Earlier this month, the CFTC issued a rule interpretation and no-action letter finding that the money market rule changes will make these funds ineligible investments for its regulated entities in certain circumstances.  At issue are the SEC’s amendments that will require some funds and permit others to impose redemption restrictions, leading the CFTC to question the liquidity of the funds.  The guidance addresses investments by CFTC regulated entities, including derivatives clearing organizations (DCOs) and future commission merchants (FCMs) in money market funds that will impose redemption restrictions. 

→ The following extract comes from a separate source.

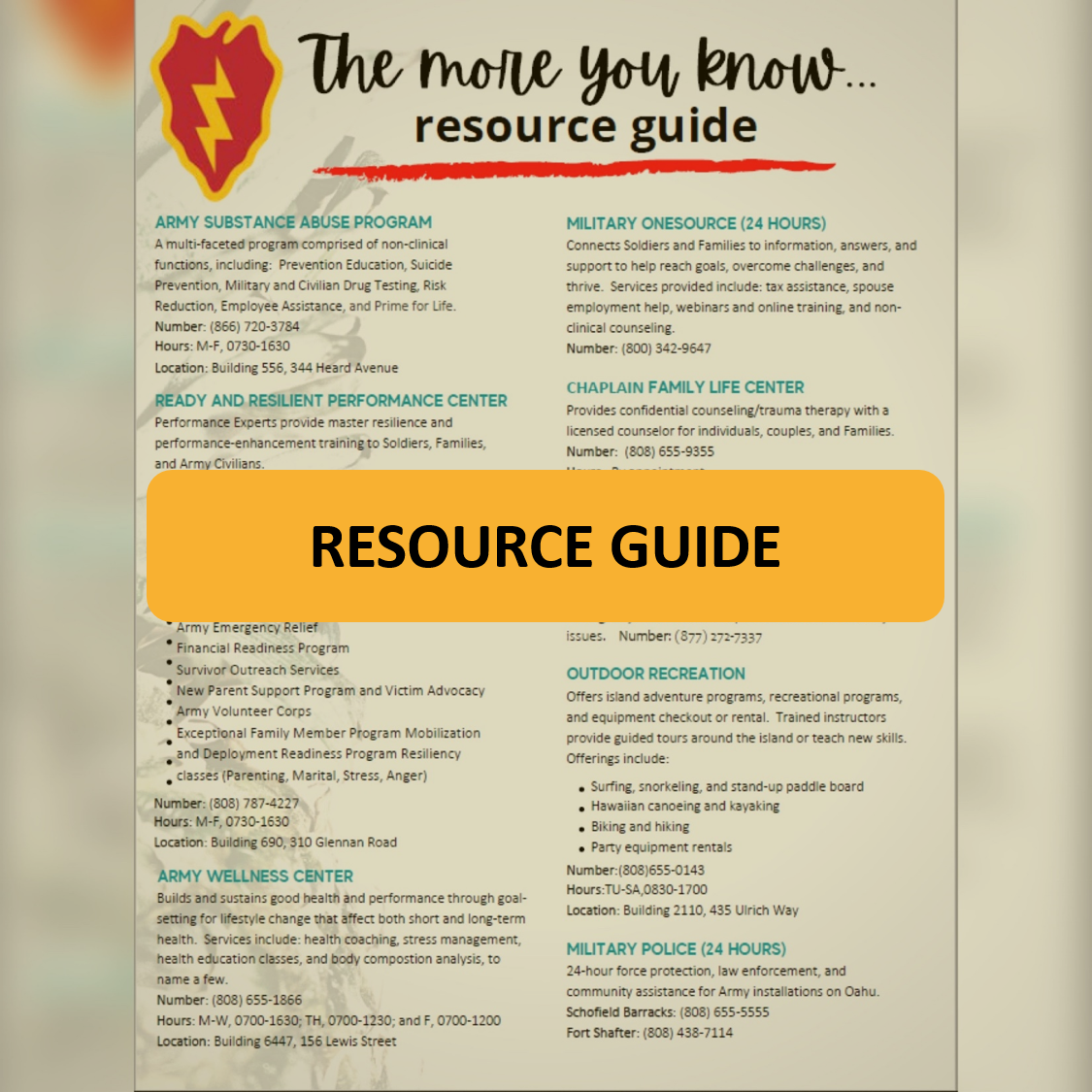 Resource Guide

The interpretation and no-action letter find that:

  • The limitation that DCOs accept assets for that “have minimal credit, market, and liquidity risks” coupled with the requirement that DCOs make “on-time payments to members with net gains” prohibit a DCO from accepting shares or holding shares in a prime money market fund (or a government fund that reserves the right to impose redemption restrictions.”
  • FCMs may not invest customer funds in prime money market funds or those government funds that elect to impose redemption restrictions.
  • FCMs, however, may invest their own funds held in segregated accounts that exceed the targeted residual interest amount for each such account.  In addition, there is no concentration limit on the investment of customer funds that is comprised only of US government securities, provided that they do not elect to impose redemption restrictions, the money market funds has more than $5 billion in assets, and the management company of the money market fund has at least $25 billion in assets.